Smirk: An Atomically Complete Tokenizer for Molecular Foundation Models

Alexius Wadell,Anoushka Bhutani,Venkatasubramanian Viswanathan
2024-09-19
Abstract:Molecular Foundation Models are emerging as powerful tools for accelerating molecular design, material science, and cheminformatics, leveraging transformer architectures to speed up the discovery of new materials and drugs while reducing the computational cost of traditional ab initio methods. However, current models are constrained by closed-vocabulary tokenizers that fail to capture the full diversity of molecular structures. In this work, we systematically evaluate thirteen chemistry-specific tokenizers for their coverage of the SMILES language, uncovering substantial gaps.
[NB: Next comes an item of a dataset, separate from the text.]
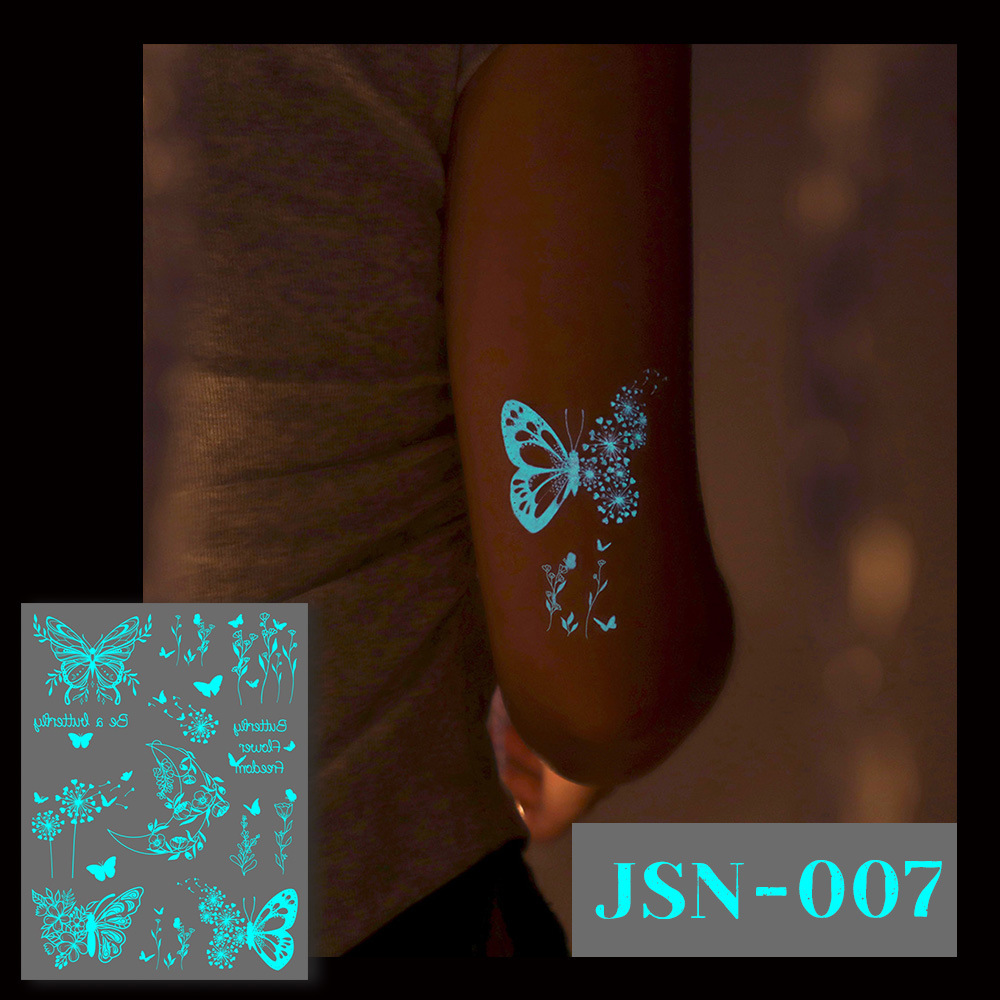 Luminous tattoo sticker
Using N-gram language models, we accessed the impact of tokenizer choice on model performance and quantified the information loss of unknown tokens. We introduce two new tokenizers, <i>smirk</i> and <i>smirk-gpe</i>, which can represent the entirety of the OpenSMILES specification while avoiding the pitfalls of existing tokenizers. Our work highlights the importance of open-vocabulary modeling for molecular foundation models and the need for chemically diverse benchmarks for cheminformatics.
Machine Learning,Artificial Intelligence,Chemical Physics
What problem does this paper attempt to address?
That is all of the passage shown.